Brian does not make any kind of scene. Brian, at 10 years old, is at least twice the man I am, based on his handling himself in this situation. He puts the saxophone in his lap, and just quietly begins rubbing his eyes. When this lasts longer than a normal eye rubbing should, I begin to fear the worst: "are you ok there, Buddy?" Quiet eye rubbing, just the tiniest hint of a quiver. "Hey, hey, its alright, you're doing ok Brian..." Now Brian is crying, but its amazing: none of your histrionic sobbing or convulsing. Just a sort of efficient, workmanlike drip, but with almost no sound. Fortunately, his mom comes to his lessons, so she swooped in to the rescue, gave him what amounts to a leaning-over standing hug/arm pat and tells him he's only got a couple minutes left of his lesson, it'll be ok. So Brian composes himself, neither abashed nor angry, wipes his eyes with maybe a whisper of a sniff and looks at me, as if to say: 'ok, lets keep going.' We basically ended the lesson there, and I gave him some easy review stuff to work on for next week. He put away his saxophone with the same deliberate care as he always does: swabbing, drying, etc., and then said goodbye as he left.
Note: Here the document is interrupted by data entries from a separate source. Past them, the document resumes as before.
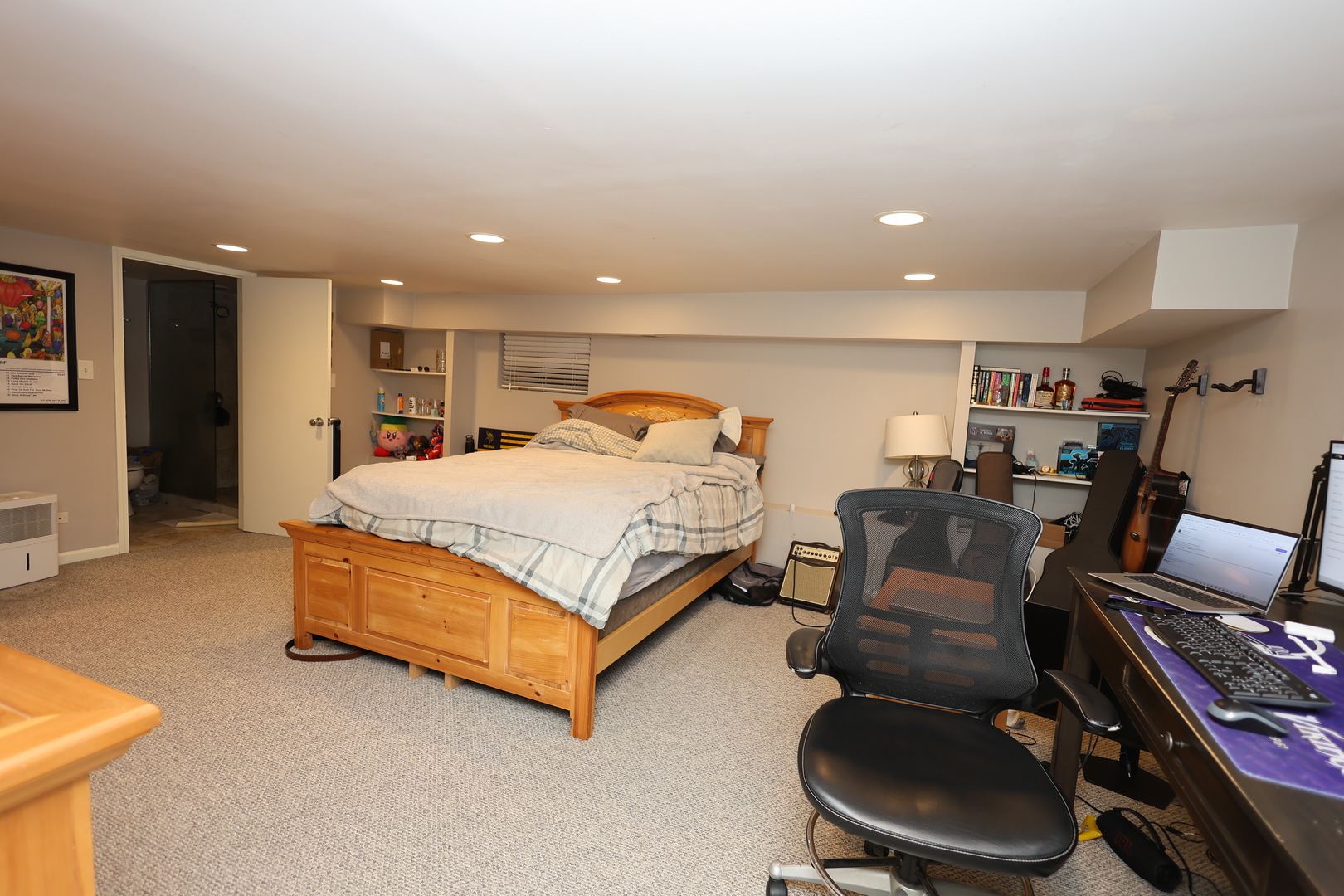 1026 W Roscoe Street Unit: 1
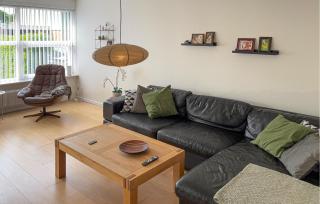 3 Bedroom Stunning Home In Tarm - 9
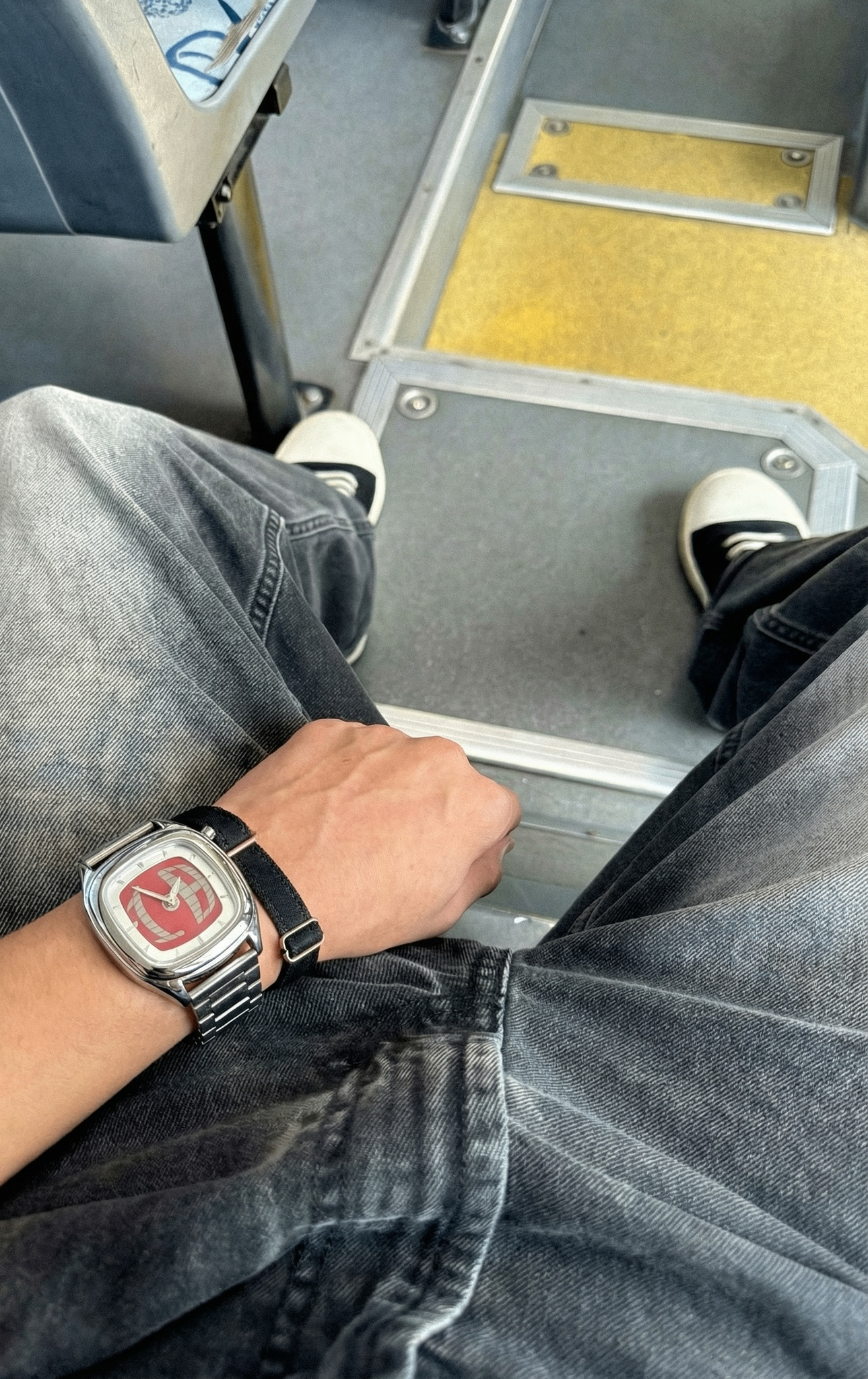 RetroPulse™ - Vintage Steel Watch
This kid has more gravitas and dignity at ten years old than I will ever hope to be able to feign. He's got four different instruments to learn, on all of which he's a beginner. Its obvious that he's a bright dude, and also that he wants to do well, that he's serious about learning. But at this point, he's so loaded down with obligations (esp. in piano and violin, from what I gathered. Snobby classical killjoys.) that it must feel like he's working a full time job plus overtime just to keep from drowning. It seems unfair that a kid that young should have to think of music as a burden, a deadline to be met, rather than a fun activity with a cool instrument.
In any case, he came off far better in the exchange than I did. While I didn't cry, I did feel pretty awful. I can handle making a kid cry when they're not doing what they're supposed to be doing, and they don't have any good reason for not doing it other than being a snot. But I never once raised my voice or got annoyed with Brian, I was just asking him to do the millionth thing he'd been asked to do that week, and that was one over his limit for this particular day.
So, to conclude: I suspect that my feelings of soul-melting bless-his-little-heart sympathy and lament are unseemly in someone who purports to be a man, and may in fact be symptoms of late-developing hermaphroditism, thus, to bring it full circle, explaining my hairy b-cups. And while this is not to suggest that men are incapable of such advanced and complicated emotions, it does make me feel better to think that it might explain my doughy physique. Although nothing can explain away the thighs. (Not even Denise Austin, am I right girls? I mean, you eat one bag of Dove bars when you're 13 and it stays with you for life, eh? eh? ladies?)